Let My People Gooooooooo

Filed under my uber-confrontational personality

I don’t know if it’s my dark, curly hair or the many Michael Chabon books I’ve read, but despite my feelings about the U.S.’s totally wack Israeli foreign policy, I sometimes feel a weird kinship to the Jews.

Which is why, last night, when I heard a Hispanic dude on the corner of 42nd and Lexington saying, “She kept trying to jew me into coming to that party!”, I wanted to turn and say, “Listen, you spic, my people have been enduring stereotyping and ridicule from a-holes like you for thousands of years now, and it ends right here, right now.”

But then I remembered that I’m a regular, old white girl from Ohio. Minorities get to have all the fun.

7 Comments

  1. Cristy says:

    Someone at my work used to say that all the time, and it pissed me off, too. I had actually never heard the term before I came here and was appalled. I’ve also heard the “n” word and had to refrain from chewing the speaker’s head off.

  2. Alison says:

    He didn’t even use the slur correctly – What a goniff!

  3. megan says:

    i love the jews. and i want to be one. every day. it’s certainly not enough that part of me is jewish (since it’s not the part that came from my mother).

  4. Serial says:

    I would have been soooo torn.
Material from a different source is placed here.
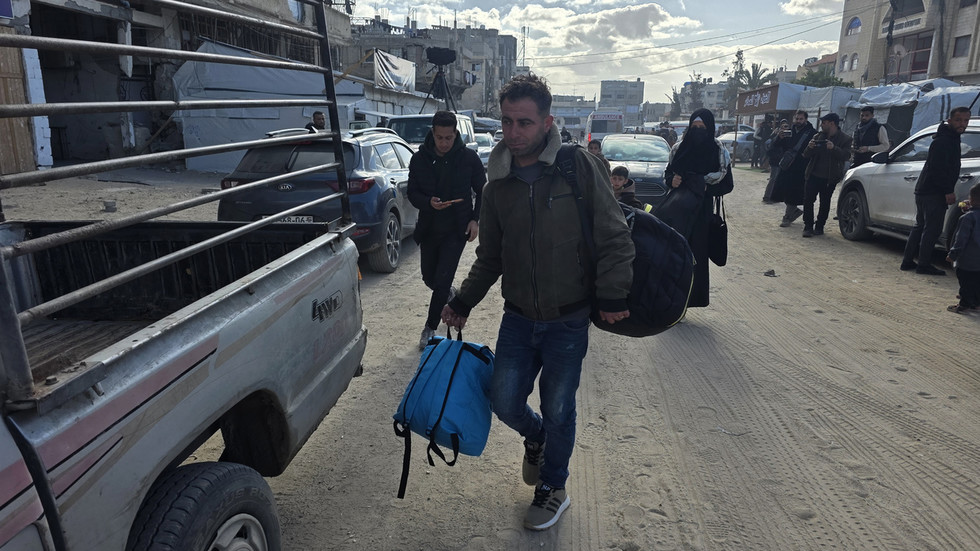 ‘They handcuffed and blindfolded us’ – Palestinian returnee to Gaza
I have a similar whitegirl fantasy about being secretly ethnic. For a long time, my ethnicity of choice was the jews (I love latkes and the best weddings I’ve ever attended have been the jewish ones), but once I learned spanish and spent some time in Mexico, I thought maybe I was secretly Mexican.

    Also: The racial relations in the south are fascinating. When I informed a girl here recently that the town I moved from has less than a 2% black population, her reply was, “So they’re probably not all crazy like they are here then, huh?”
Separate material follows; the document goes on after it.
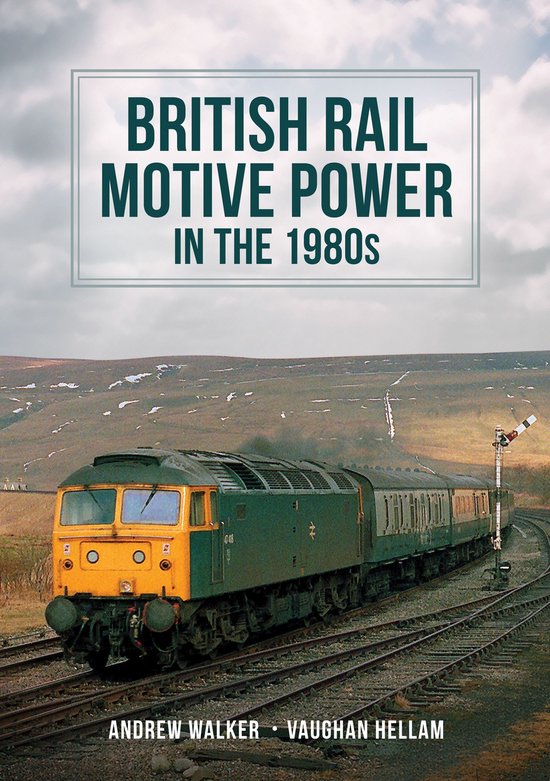 British Rail Motive Power in the 1980s - cover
    How do you even respond to that?

  5. thickcrust says:

    When I was a freshman in college, a girl from Marion, Ohio was telling a group of us about how her dad was good at “jewing people down” when her family went shopping while on cruises.

    She was pretty adamant that the phrase has nothing to do with Jewish people. We had to show her, in a dictionary, that the phrase has everything to do with Jews, and even then she still insisted that it isn’t derogatory. I wasn’t offended at all, but I was embarrassed for her.
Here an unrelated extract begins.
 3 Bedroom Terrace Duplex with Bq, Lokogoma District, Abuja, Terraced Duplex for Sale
    She was also a good Christian girl who was opposed to premarital sex, until she met a guy she could imagine herself marrying, had sex, and then became a nymphomaniac.

  6. Josh says:

    Listen, the way I see it, eventually middle class white people will be a minority. or at minimum an equal sized slice of the pie. Which is awesome, because my kids will be able to apply for a racial scholarship.
    Scholarships based on race piss me off like none-other. Economic circumstance? sure, ability? absolutely. Your ancester’s came from a different country? who’s fucking didn’t?!

  7. I always imagined I would marry a Jewish man. I have no idea why, given that I am Catholic and I live in the Deep South, where Jewish boys are not exactly a dime a dozen.